Facebook announced Monday that it had reached an agreement to acquire photo sharing company Instagram, describing it as a fun, popular photo-sharing app for mobile devices, for $1 billion in cash and shares. “This is an important milestone for Facebook because it’s the first time we’ve ever acquired a product and company with so many users,” CEO Mark Zuckerberg wrote on his Facebook page. “We don’t plan on doing many more of these, if any at all.”

Instagram is a free photo sharing app that lets users click pictures from their mobile phones, apply an optional filter to the image and share it with their friends via Facebook, Twitter or Instagram’s own social network.  Instagram launched as an iPhone app in Apple’s App Store on October 6, 2010. By December 2010, Instagram had one million registered users. By July 2011, Instagram users had shared over 100 million photographs. It reached 10 million registered users in September that year. The number had hit 30 million by April 2012.

When Instagram released the much-awaited Android version of its app, it was downloaded over a million times in less than 12 hours. This speaks volumes about its popularity. Apple named Instagram as app of the year for 2011 saying the app makes it “near-impossible to take a bad shot.”

Instagram was founded less than two years ago by two Stanford graduates-  Kevin Systrom and Mike Krieger, who are in their 20s, and are now multi-millionaires. “It’s the Web fairy tale that all startups dream of,” said an analyst with Forrester Research, who added: “They took a simple behavior – sharing pictures with friends – and made it a utility that people want.”

Instagram has just 12 employees including its two partners. In early 2011, Zuckerberg of Facebook reached out to Instagram to discuss buying the company, but Systrom chose to keep it independent and focus on expanding it. At the time, Instagram had fewer than 7 million users. Now celebrities like Justin Bieber and brands like Gucci post regular updates.

Some users of Instagram are not happy with this acquisition. Soon after the news broke, many Instagram fans began voicing their displeasure on the service and on Twitter and Facebook. Others lamented the loss of what they saw as an alternative to Facebook and threatened to delete their accounts.

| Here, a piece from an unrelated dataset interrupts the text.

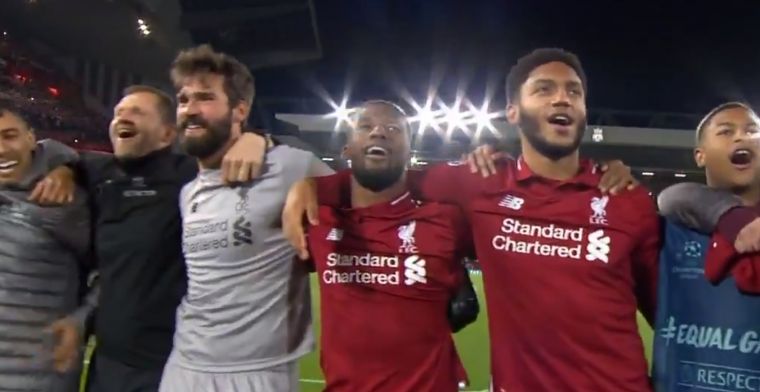 Kippenvelbeelden: Anfield zingt You'll Never Walk Alone voor Liverpool-spelers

Facebook said it plans to keep Instagram running independently. That’s a departure from its tendency to buy small startups and integrate the technology – or shut them down altogether just so it can hire talented engineers and developers.

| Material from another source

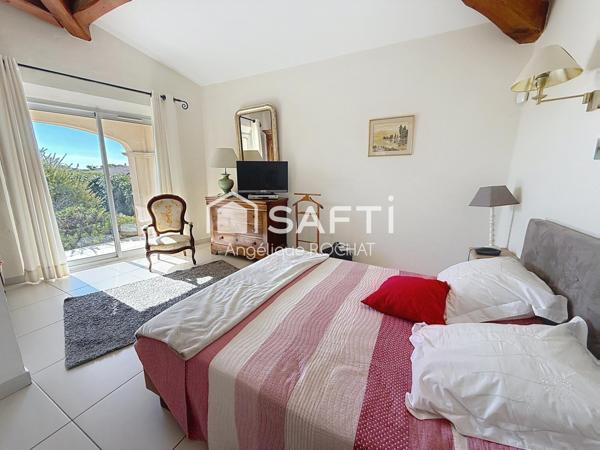 Languedocienne T6 grand garage piscine cuisine d'été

“It’s important to be clear that Instagram is not going away. We’ll be working with Facebook to evolve Instagram and build the network,” wrote Systrom in a company blog post. Instagram and Facebook executives declined to comment further on Monday.

Facebook’s billion dollar valuation of Instagram makes the less-than-two-year-old startup more valuable than 161-year-old The New York Times Company. The New York Times Company, publisher of media heavyweights like The New York Times, International Herald Tribune and The Boston Globe, amongst others, was valued at 946 million dollars based on yesterday’s closing price at the NYSE. This shows that modern technology companies are far ahead of conventional businesses.